The specifications point out that means other than a tensioned wire, including a ray of light or radar beam, may constitute a 'positive reference line'. A memorandum filed with amended claims states that it was agreed at an interview that a line of sight may constitute a 'positive reference line'. Clearly a line of sight is the reference line in the spotboard method. But the district court found, with ample support, that, although it would be possible to move the three stations simultaneously, this was not part of the method in practice. Thus, even if the line of sight be deemed a 'positive reference line' the spotboard method does not include the process of moving the positive reference line down the track, maintaining a constant spacing among the three stations.

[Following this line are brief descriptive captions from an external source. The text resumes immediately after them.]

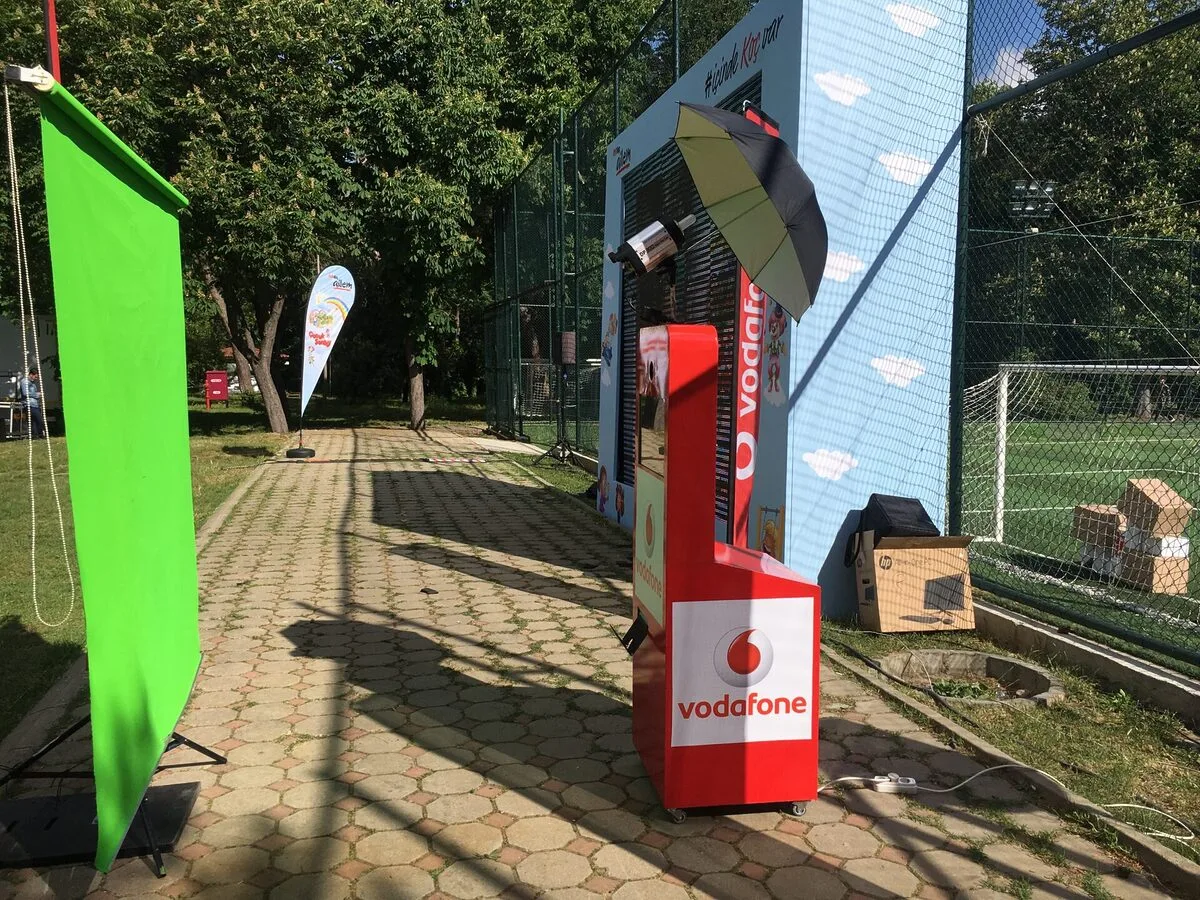 Green Box Photo Booth - 27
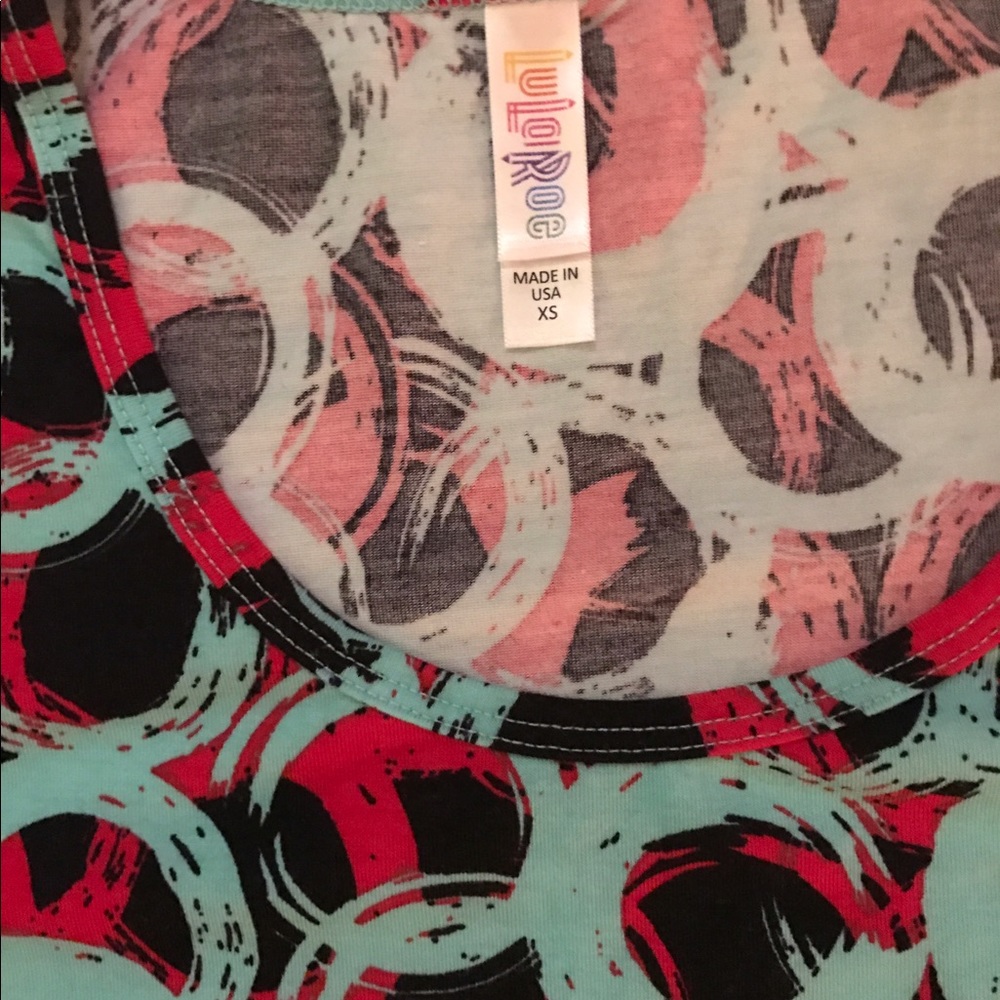 Lularoe Classic Tee, size XS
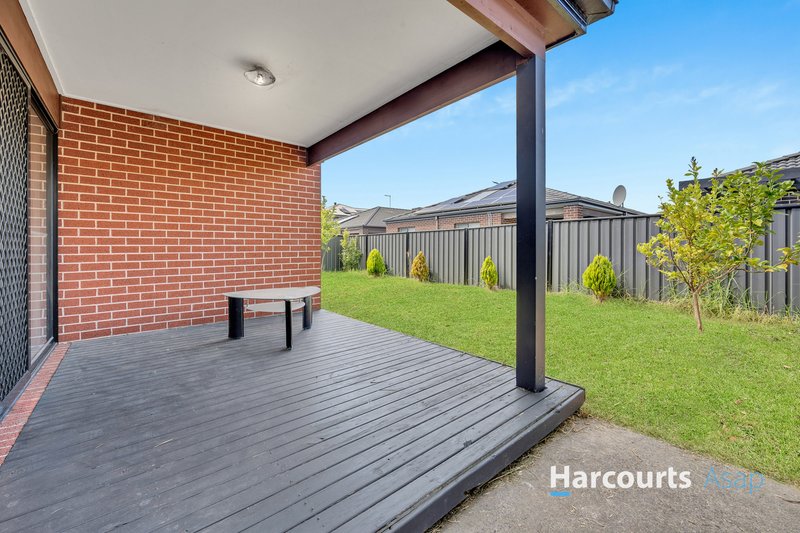 Photo - 31 Kilmarnock Way, Clyde North VIC 3978 - Image 14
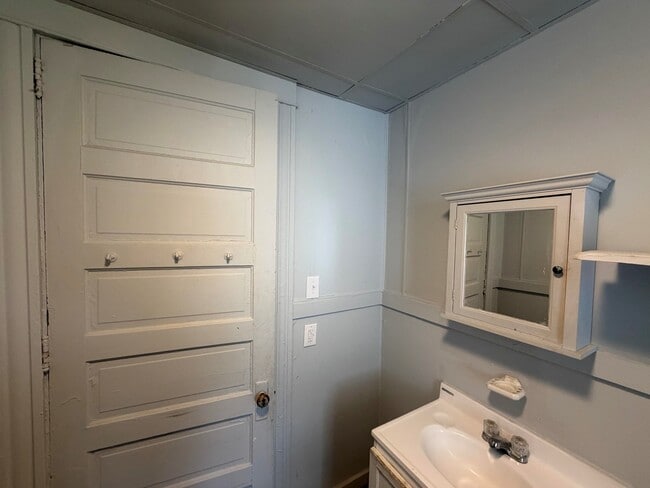 Building Photo - 1218-2S Walnut-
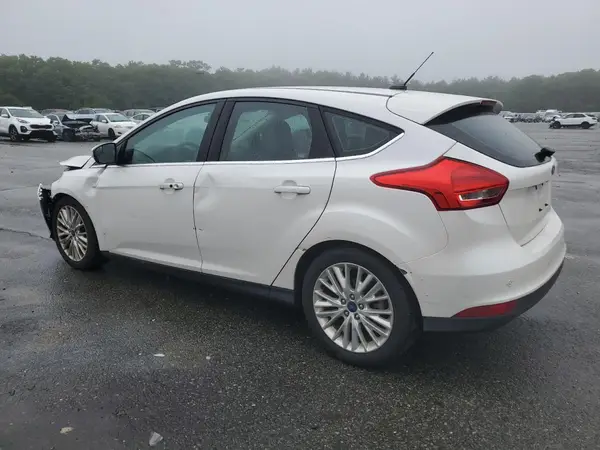 1FADP3N2XGL321275 2016 FORD FOCUS - Image 2
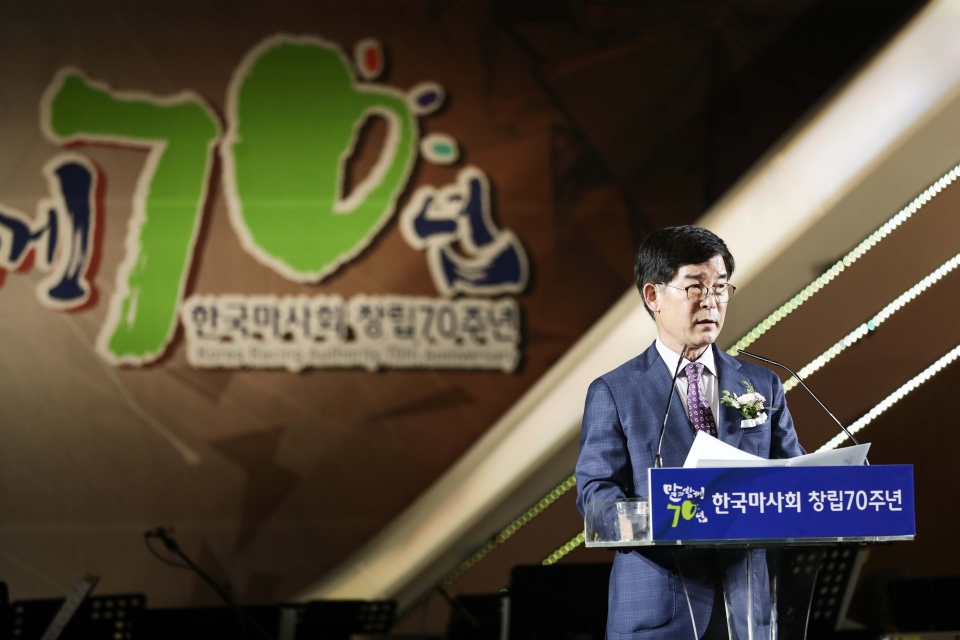 한국마사회는 지난달 26일 경기도 과천시 본사에서 창립 70주년 기념행사를 열고 국민신뢰경영을 선포했다. 한국마사회 제공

Piersaul3 disclosed a unit with two four-wheel railroad trucks, and a frame extending from one to the other. There was a device half way between the trucks to measure the distance from the rail surface to the frame. The frame would amount to a positive reference line, and the spacing between its ends and midpoint remained constant as it was moved, of course. But even if Piersaul were viewed as disclosing a positive reference line, moved without changing the spacing, it did not disclose the McCormick idea of the intermediate station closer to the rear.
Hursh4 discloses a car equipped with both jack and tamper. The rear wheels of the car are to be on corrected track, the front wheels on uncorrected. A telescope is mounted above the front wheels, apparently parallel with the wheel base of the car. The track is jacked near the front end. A rod is held by a man some distance ahead on uncorrected track. A target is set on the rod at such elevation that the target will not be lined up with the telescope until the track under the front end of the car has been raised to the desired level.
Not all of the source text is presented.